R
packaging
Published

October 7, 2023

R packages with pak

I started using pak install and manage R packages.

pak can be used to install all R packages used in a project.

The use case I am mainly interested in is installing and locking project packages to create reproducible environments. This can be accomplished with pak and renv. In a previous post, I discussed an approach with renv only.

renv is used to detect all packages used in a project and pac to create a (platform dependent) lockfile. This lockfile can be used to install the version pinned in the lock file later with pak without creating an renv environment.

Here is an example — not run:

# get packages used in project folder
deps <- unique(renv::dependencies()[["Package"]])

# install project packages
pak::pkg_install(deps, ask = FALSE, upgrade = FALSE)
# pak::lockfile_install()

# create lock files
pak::lockfile_create(deps)
# renv::snapshot(prompt = FALSE)

renv can be used to create a lock file as well. However, currently you have to use renv to install dependencies from an renv.lock file and need to create a new renv environment to reinstall the packages. There are plans to support installing packages from renv.lock with pak — see #343

Here are the R packages renv finds locally.
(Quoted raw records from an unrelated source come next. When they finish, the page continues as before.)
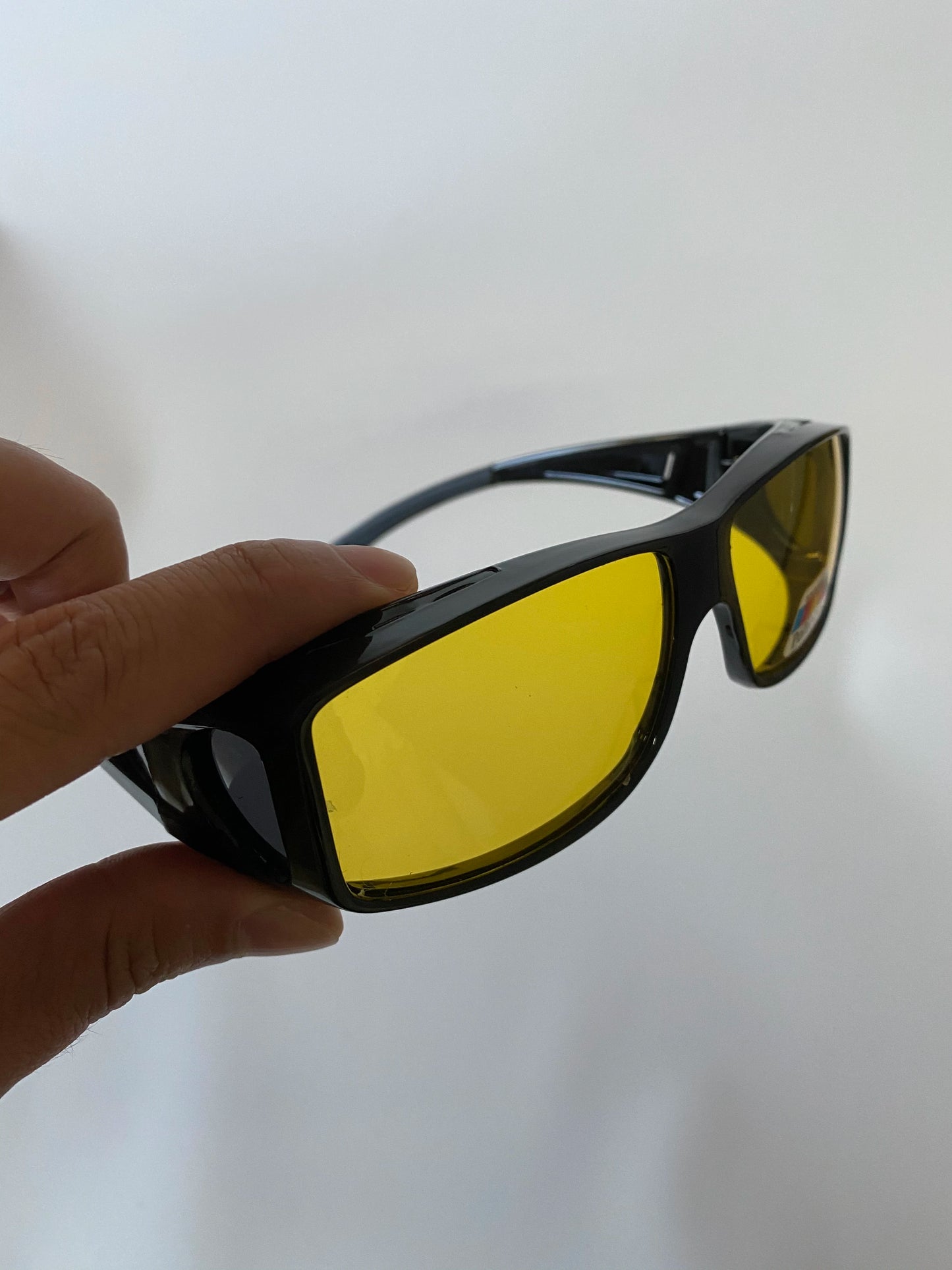 Wraparound Fit over Sunglasses anti Glare Eyeglasses Night Vision Driving HD Polarized Magnifying Blue Light Blocking Glasses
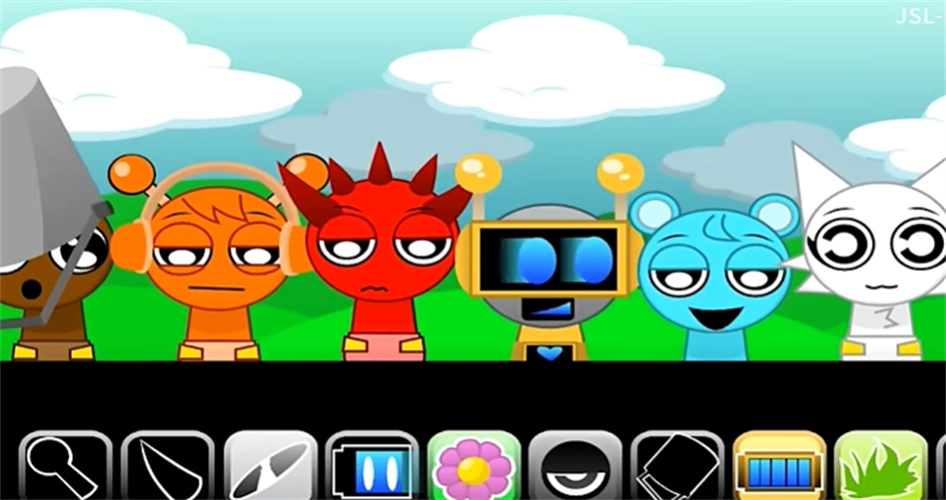 节奏盒子sprunki可爱版图1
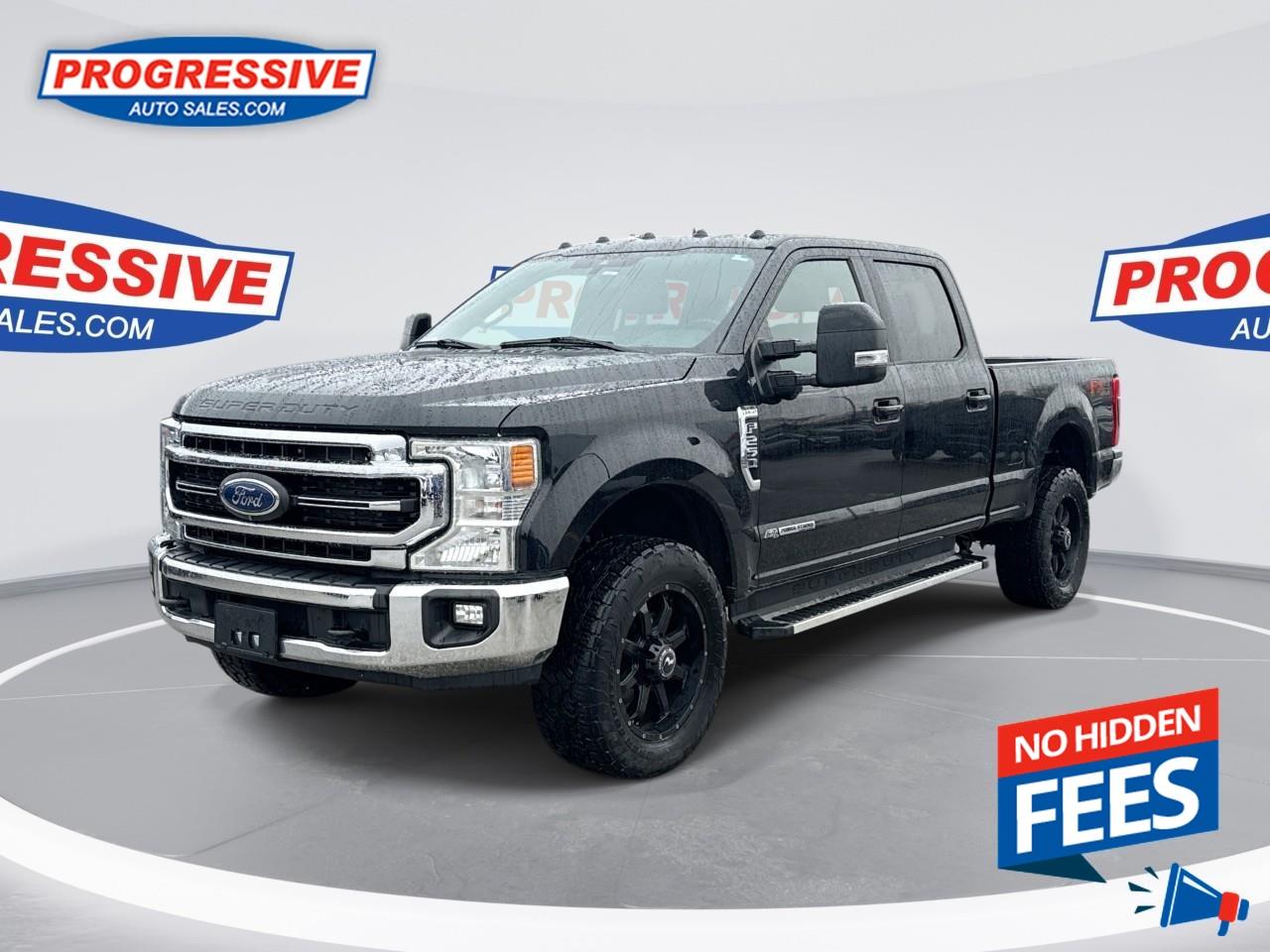 <b>Low Mileage, Leather Seats, Cooled Seats, Premium Audio, Heated Seats, Running Boards!</b><br /> <br /> If you have the need to haul or tow heavy loads, this Ford F-250 should be at the top of your consideration list. This 2022 Ford F-250 Super Duty is for sale today. <br /> <br />The most capable truck for work or play, this heavy-duty Ford F-250 never stops moving forward and gives you the power you need, the features you want, and the style you crave! With high-strength, military-grade aluminum construction, this F-250 Super Duty cuts the weight without sacrificing toughness. The interior design is first class, with simple to read text, easy to push buttons and plenty of outward visibility. This truck is strong, extremely comfortable and ready for anything. This low mileage sought after diesel Regular Cab 4X4 pickup has just 39,820 kms. It's Black in colour. It has an Automatic transmission and is powered by a smooth engine. This unit has some remaining factory warranty for added peace of mind. <br /> <br /> Our F-250 Super Duty's trim level is Lariat. Stepping up to this premium Ford F-250 Lariat is an excellent decision as it comes loaded with unique aluminum wheels, heated and cooled leather seats, a premium Bang & Olufsen audio system with SiriusXM radio, chrome exterior accents with a built-in rear bumper step, a Class V trailer hitch and power extendable trailer style mirrors. It also includes a colour touchscreen with SYNC 4, Apple CarPlay and Android Auto, side running boards, power front seats, a digital dash, FordPass Connect 4G LTE with a smart device remote start, a power locking tailgate, Ford Co-Pilot360 with rear parking sensors, blind spot detection, a leather steering wheel, lane departure warning, automatic emergency braking, dual zone climate control, power adjustable pedals and so much more. This vehicle has been upgraded with the following features: Leather Seats, Cooled Seats, Premium Audio, Heated Seats, Running Boards, Remote Start, Aluminum Wheels. <br /> To view the original window sticker for this vehicle view this <a href=http://www.windowsticker.forddirect.com/windowsticker.pdf?vin=1FT8W2BT3NEE73468 target=_blank rel=nofollow noopener noreferrer>http://www.windowsticker.forddirect.com/windowsticker.pdf?vin=1FT8W2BT3NEE73468</a>. <br /><br /> <br />To apply right now for financing use this link: <a href=https://www.progressiveautosales.com/credit-application/ target=_blank rel=nofollow noopener noreferrer>https://www.progressiveautosales.com/credit-application/</a><br /><br /> <br /><br /><br /> Progressive Auto Sales provides you with the all the tools you need to find and purchase a used vehicle that meets your needs and exceeds your expectations. Our Sarnia used car dealership carries a wide range of makes and models for exceptionally low prices due to our extensive network of Canadian, Ontario and Sarnia used car dealerships, leasing companies and auction groups. <br /> Our dealership wouldn't be where we are today without the great people in Sarnia and surrounding areas. If you have any questions about our services, please feel free to ask any one of our staff. If you want to visit our dealership, you can also find our hours of operation and location information on our Contact page. o~o
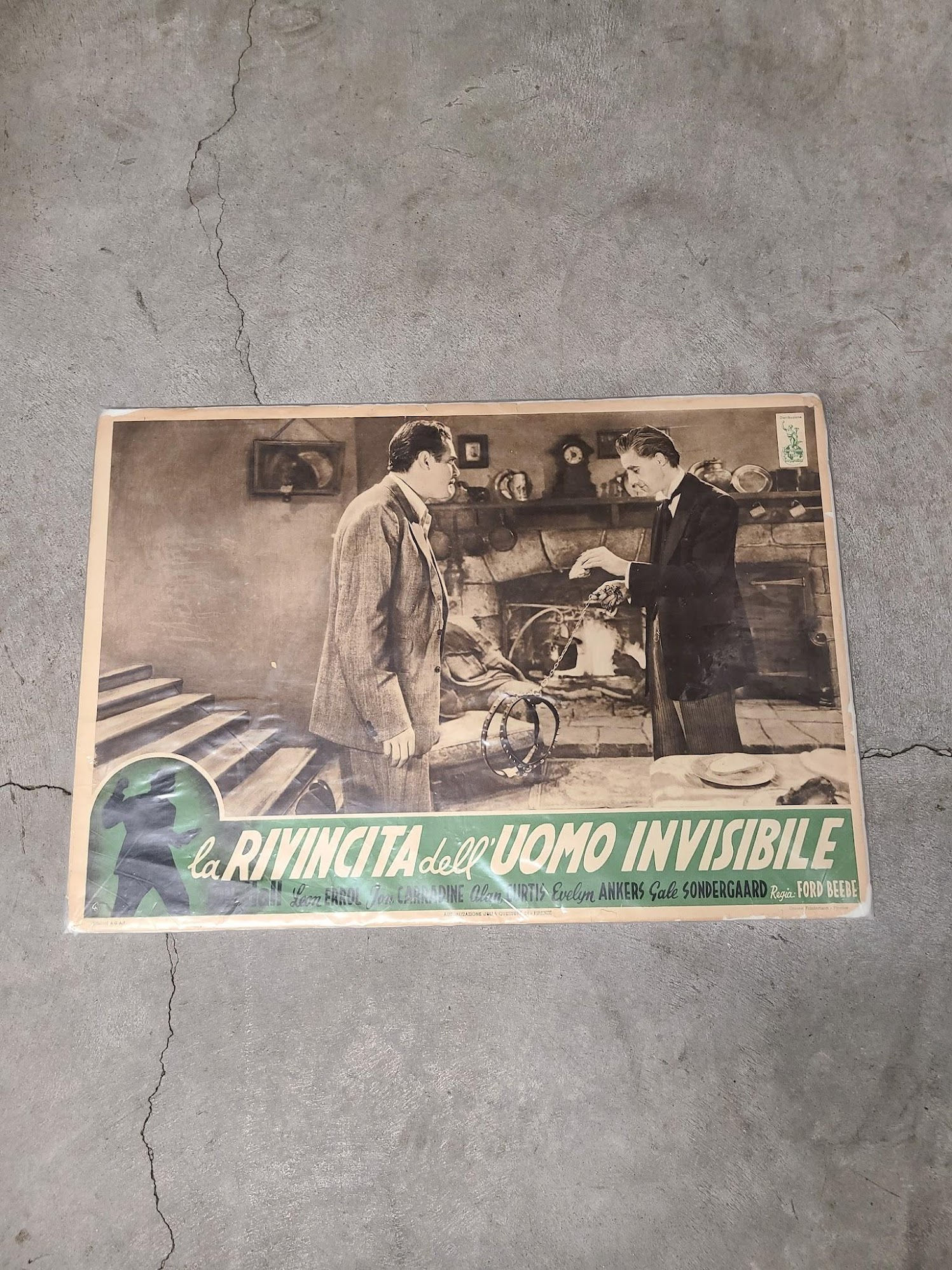 Invisible Man's Revenge 1944 Italian Cards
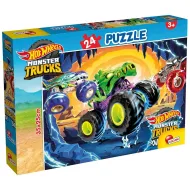 Hot Wheels Monster kamioni 24-dijelni puzzle 35x25 cm - Lisciani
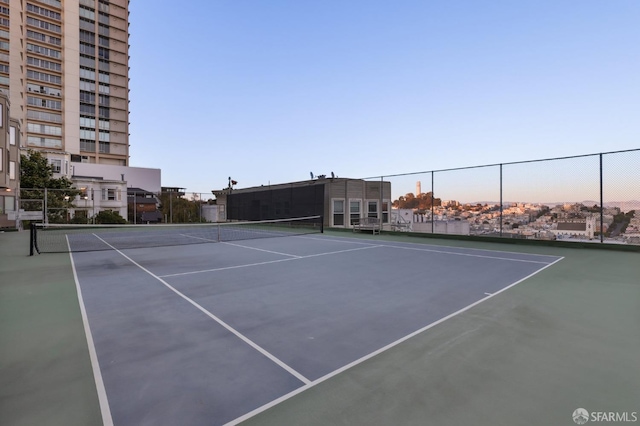 view of tennis court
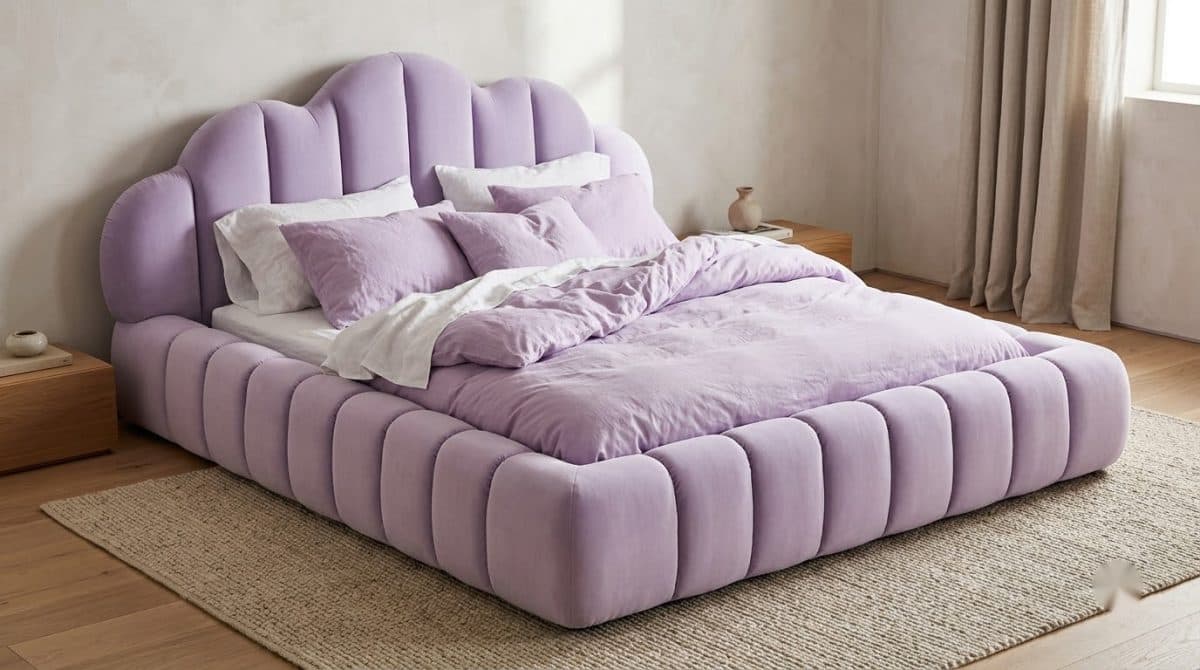 Giường Kẹo Dẻo Vỏ Sò Lavender 7MODU-GS34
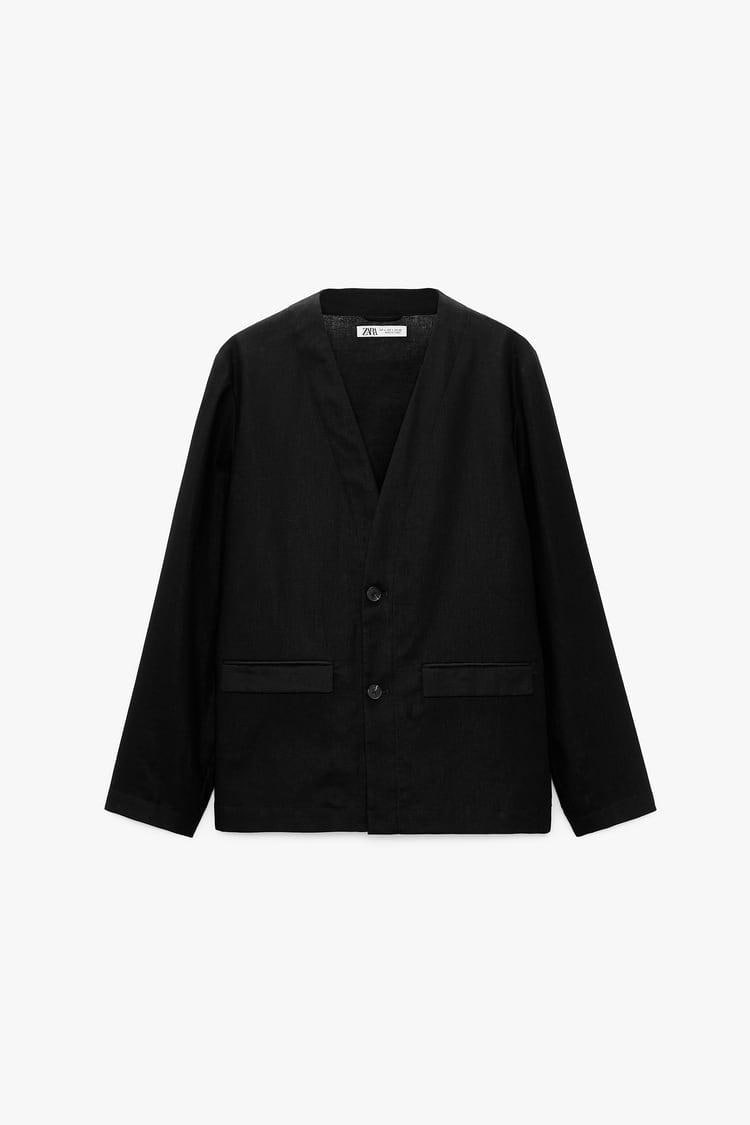 ☆ドイツ発*ZARA*新作*リネンブレザー/BLACK☆ ☆ドイツ発*ZARA*新作*リネンブレザー/DARK BROWN☆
renv::dependencies()[["Package"]] |>
  unique() |>
  sort()
Finding R package dependencies ... Done!
[1] "renv"      "rmarkdown"

Python vs. R packaging tools

Pinning package versions in a lock file is an established workflow in Python with pip-tools.

In renv pinning package versions and creating local environments are too tightly coupled in my view. Often, I don’t want to create an environment for a project and need to document the used package versions only. In Docker or cloud platforms I don’t like to use local environments. In a local R install, working with the latest versions of R packages and freezing them is often sufficient for me.

I hope pak will provide the R packaging solution I am looking for.